More and more couples are entering into pre-nuptial agreements (prior to marriage) and post-nuptial agreements (during marriage) to protect their assets in the event of relationship breakdown. This is largely due to the increase in the level of financial settlements on divorce in England and Wales and the greater recognition given to such agreements by the courts in recent years.
Although neither pre-nuptial nor post-nuptial agreements are strictly legally binding at present, the Supreme Court, in the well-publicised case of Radmacher v Granatino , held that, in certain circumstances, such agreements will have decisive weight in deciding the financial terms of any divorce settlement.
We anticipate legislation will be passed in the next few years to recognise properly negotiated marital agreements as contractually binding. This will bring England and Wales in line with most of Europe and the United States.

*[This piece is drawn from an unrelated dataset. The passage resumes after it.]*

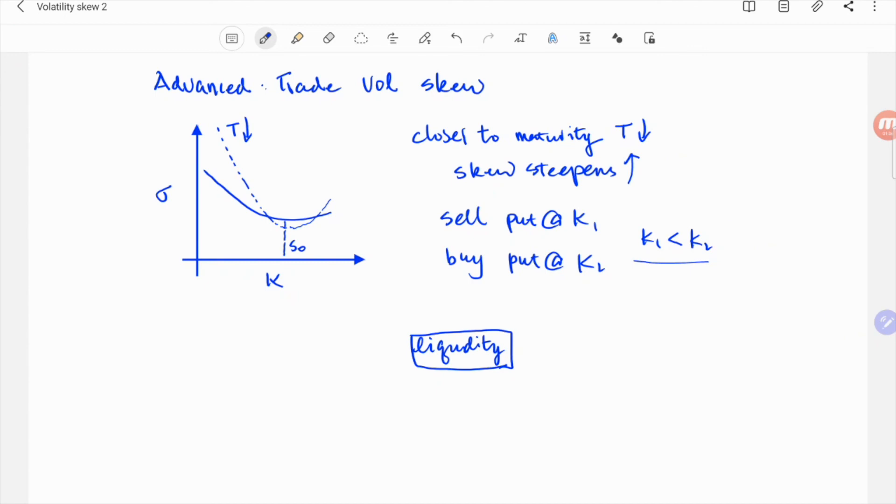I know I mentioned some more advanced stuff at the end, but hopefully you find this video a good resource to get some basic understanding of volatility smile or skew. Okay, thanks for watching, and I hope to see you next time.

Until the law is reformed, best practice when you are entering into either a pre-nuptial or post-nuptial agreement is not to put the financially weaker party under any pressure to enter into an agreement.
In the case of a pre-nuptial agreement, it is advisable to sign it well in advance of the wedding (ideally, at least 28 days) and for both parties to take legal advice on the proposed terms.
There are a number of ways of negotiating a marital agreement, including collaboratively (please see collaborative law page for further details).
Increasingly, cross-jurisdictional issues need to be taken into account. We can assist with these as we have strategic partnerships with law firms in other jurisdictions and a number of our partners are members of the International Academy of Matrimonial Lawyers.
We know that discussions about such agreements can be a sensitive issue. We take great care to adapt our approach to your individual circumstances, helping you to reach an agreement that will meet your specific requirements.